[Records for the task]:

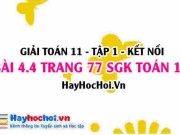 Bài 4.4 SGK Toán 11 tập 1 Kết nối tri thức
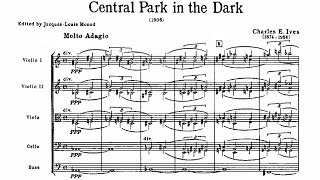 Charles Ives - Central Park in the Dark (1906)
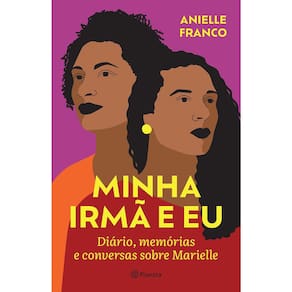 Minha Irmã E Eu - Diário, Memórias E Conversas Sobre Marielle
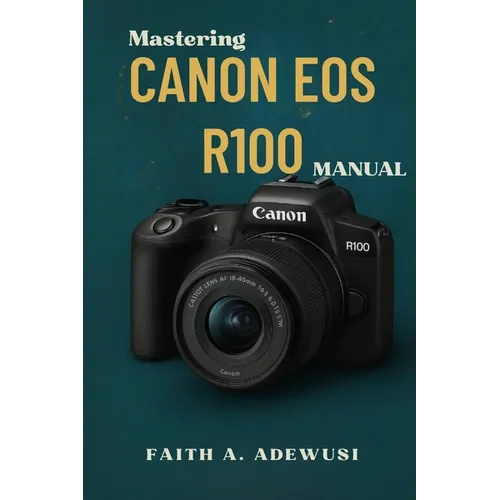 Mastering Canon EOS R100 Manual: The Ultimate Companion For Learning, Practicing, and Loving Photography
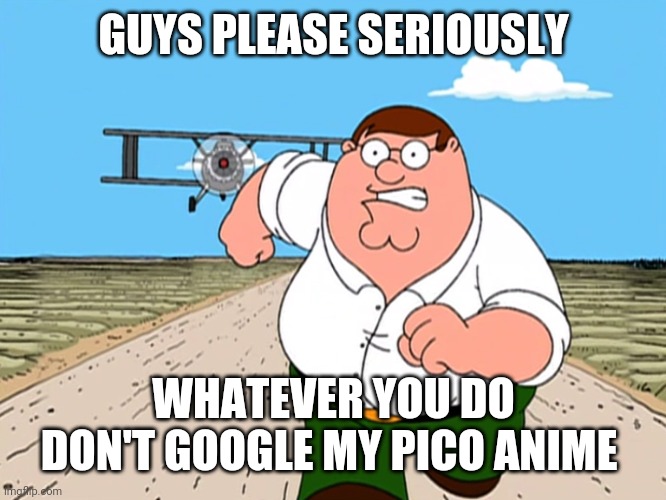 Oh god no | GUYS PLEASE SERIOUSLY; WHATEVER YOU DO DON'T GOOGLE MY PICO ANIME | image tagged in peter griffin running away | made w/ Imgflip meme maker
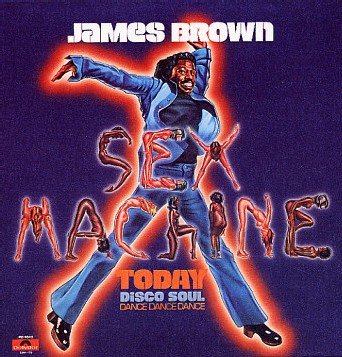 James Brown - Sex Machine Today James Brown - Sex Machine Today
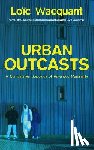 Wacquant, Loic (University of California at Berkeley) - Urban Outcasts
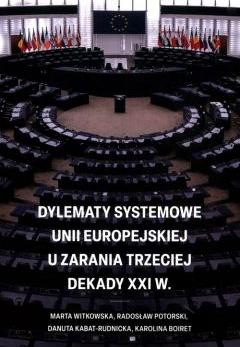 Dylematy systemowe Unii Europejskiej u zarania...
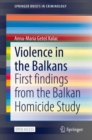 Violence in the Balkans : First findings from the Balkan Homicide Study - eBook
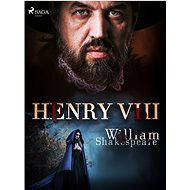 Henry VIII - William Shakespeare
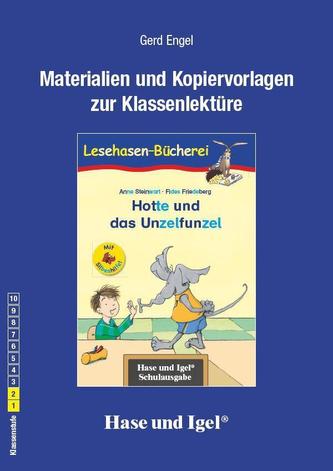 Materialien und Kopiervorlagen zur Klassenlektüre 'Hotte und das Unzelfunzel'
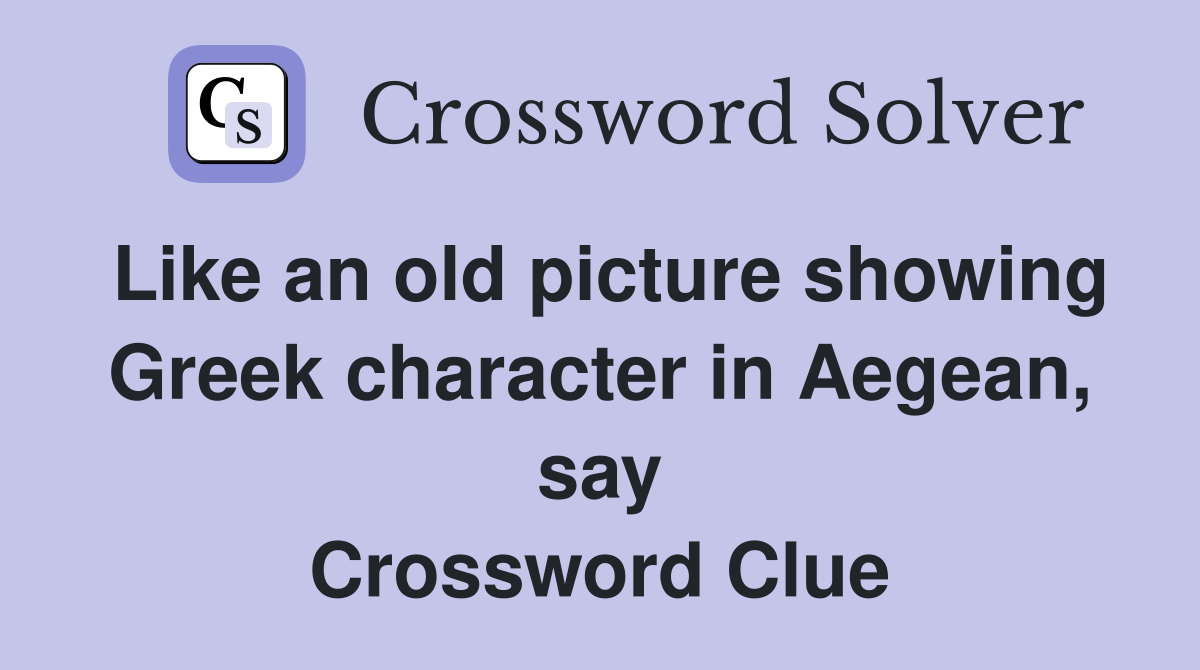 Like an old picture showing Greek character in Aegean, say Crossword Clue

[Requirement]: Above are records; write out the lines from the one with "Minha Irmã E" down to the one with "James Brown - Sex Machine Today James", exactly, leaving the pictures out.

[Exercise solution]:
 Minha Irmã E Eu - Diário, Memórias E Conversas Sobre Marielle
 Mastering Canon EOS R100 Manual: The Ultimate Companion For Learning, Practicing, and Loving Photography
 Oh god no | GUYS PLEASE SERIOUSLY; WHATEVER YOU DO DON'T GOOGLE MY PICO ANIME | image tagged in peter griffin running away | made w/ Imgflip meme maker
 James Brown - Sex Machine Today James Brown - Sex Machine Today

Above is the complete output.